市川染五郎(21)が歌舞伎座「秀山祭九月大歌舞伎」(26日千秋楽)で、初役を含む3役に奮闘している。初代中村吉右衛門の功績を顕彰するため、2006年に始まった秀山祭は20年の節目。

理想とする祖父・松本白鸚(84)に近づけるよう精進している染五郎の胸の内に迫った。(有野 博幸)

 夜の部「一條大蔵譚(いちじょうおおくらものがたり)」で染五郎が初役で勤める一條大蔵卿は、初代吉右衛門が愛着を込めて「最も好きな役」に挙げた役だ。作り阿呆(あほう)で源氏再興の思いを隠し、公家としての気品、鷹揚(おうよう)とした雰囲気の中にも武士の血筋らしい勇ましさも求められる。

 染五郎は「身に余る大役」と恐縮しつつ、「まだ早いと言い続けるのは、自分への甘えになる」。父の幸四郎から稽古で教わり「播磨屋の匂いまでも体現できるように、生涯をかけて追い求めていく課題」と気持ちを奮い立たせている。大蔵卿が本性を明かす場面では、ぶっ返りで舞台を華やかに彩り、喝采を浴びている。

 5~6月に出演した舞台「ハムレット」の経験を生かしている。初代吉右衛門が一條大蔵卿にハムレットの心境を取り入れた逸話が残っており、染五郎は「2人とも高貴な身分で恵まれて見えるけども、胸の内を誰も分かってもらえない孤独感、寂しさを抱えている。お客様に哀愁を感じてもらうのが、目標です」と思いを込めた。

 祖父の白鸚が憧れであり、理想とする存在だ。祖父の芸を見る度に「この人は本当に主役をやる人なんだな」と感じるという。

 「高麗屋は代々、時代物の主役をやってきた。

自分も、そこを目指すのなら、そういう役者にならないといけない。
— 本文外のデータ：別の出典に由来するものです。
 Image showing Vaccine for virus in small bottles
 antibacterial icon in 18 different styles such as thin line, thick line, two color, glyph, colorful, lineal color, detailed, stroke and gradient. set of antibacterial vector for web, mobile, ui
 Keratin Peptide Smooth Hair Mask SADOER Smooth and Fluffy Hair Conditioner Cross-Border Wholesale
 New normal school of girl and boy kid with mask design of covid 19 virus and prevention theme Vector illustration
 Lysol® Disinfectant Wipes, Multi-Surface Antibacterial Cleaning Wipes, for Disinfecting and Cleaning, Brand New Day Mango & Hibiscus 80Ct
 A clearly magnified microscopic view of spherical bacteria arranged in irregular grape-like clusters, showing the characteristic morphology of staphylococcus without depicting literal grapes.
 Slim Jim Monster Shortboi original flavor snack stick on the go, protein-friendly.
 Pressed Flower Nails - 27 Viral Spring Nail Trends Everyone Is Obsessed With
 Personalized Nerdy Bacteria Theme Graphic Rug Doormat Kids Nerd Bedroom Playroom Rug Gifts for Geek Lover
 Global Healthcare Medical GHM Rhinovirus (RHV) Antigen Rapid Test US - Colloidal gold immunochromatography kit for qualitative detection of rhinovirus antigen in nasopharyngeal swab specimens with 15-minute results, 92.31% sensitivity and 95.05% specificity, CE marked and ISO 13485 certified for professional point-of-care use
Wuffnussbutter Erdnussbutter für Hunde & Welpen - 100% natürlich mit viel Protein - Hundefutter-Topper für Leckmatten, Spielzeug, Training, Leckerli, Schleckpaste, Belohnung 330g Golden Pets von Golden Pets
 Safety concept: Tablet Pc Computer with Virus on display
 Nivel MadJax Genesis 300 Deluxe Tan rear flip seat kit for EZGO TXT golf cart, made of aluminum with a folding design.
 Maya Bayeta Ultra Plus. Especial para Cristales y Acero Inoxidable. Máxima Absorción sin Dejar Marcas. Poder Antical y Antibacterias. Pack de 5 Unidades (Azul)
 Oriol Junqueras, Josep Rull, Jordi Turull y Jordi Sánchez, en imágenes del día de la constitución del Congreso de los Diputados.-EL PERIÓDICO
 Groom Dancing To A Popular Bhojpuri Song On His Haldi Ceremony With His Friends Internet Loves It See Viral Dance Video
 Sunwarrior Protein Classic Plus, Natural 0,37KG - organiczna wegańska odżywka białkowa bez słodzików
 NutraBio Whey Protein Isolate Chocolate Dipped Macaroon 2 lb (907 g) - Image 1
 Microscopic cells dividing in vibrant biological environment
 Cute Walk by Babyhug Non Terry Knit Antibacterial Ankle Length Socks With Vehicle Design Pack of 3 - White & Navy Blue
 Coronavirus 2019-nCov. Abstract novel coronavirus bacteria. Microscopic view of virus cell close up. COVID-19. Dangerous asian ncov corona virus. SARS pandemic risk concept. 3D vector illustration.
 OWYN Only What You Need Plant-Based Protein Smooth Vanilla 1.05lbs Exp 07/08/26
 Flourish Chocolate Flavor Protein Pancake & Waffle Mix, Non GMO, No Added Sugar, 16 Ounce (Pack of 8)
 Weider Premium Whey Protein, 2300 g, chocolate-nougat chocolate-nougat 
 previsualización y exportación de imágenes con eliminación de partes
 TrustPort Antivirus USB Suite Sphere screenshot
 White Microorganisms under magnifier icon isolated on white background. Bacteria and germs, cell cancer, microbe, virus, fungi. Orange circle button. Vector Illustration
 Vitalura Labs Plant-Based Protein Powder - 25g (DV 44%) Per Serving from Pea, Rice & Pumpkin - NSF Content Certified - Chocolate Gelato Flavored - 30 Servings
将来的に高麗屋の芸を体現できるように、ならなければ」と進むべき道を明確に見据えている。

 〇…染五郎は昼の部「春調娘七種(はるのしらべむすめななくさ)」と「ひらかな盛衰記 逆櫓」で「同世代で刺激を与え合っている2人」という市川團子(22)、尾上辰之助(20)と共演して「染團辰」がそろい踏み。幸四郎は息子の染五郎に「大きなチャンスをいただいているのは、幸せなこと。チャンスは待ってくれないから、来た時にどうつかめるかが大事。体当たりで突き進んでもらいたい」と期待を寄せた。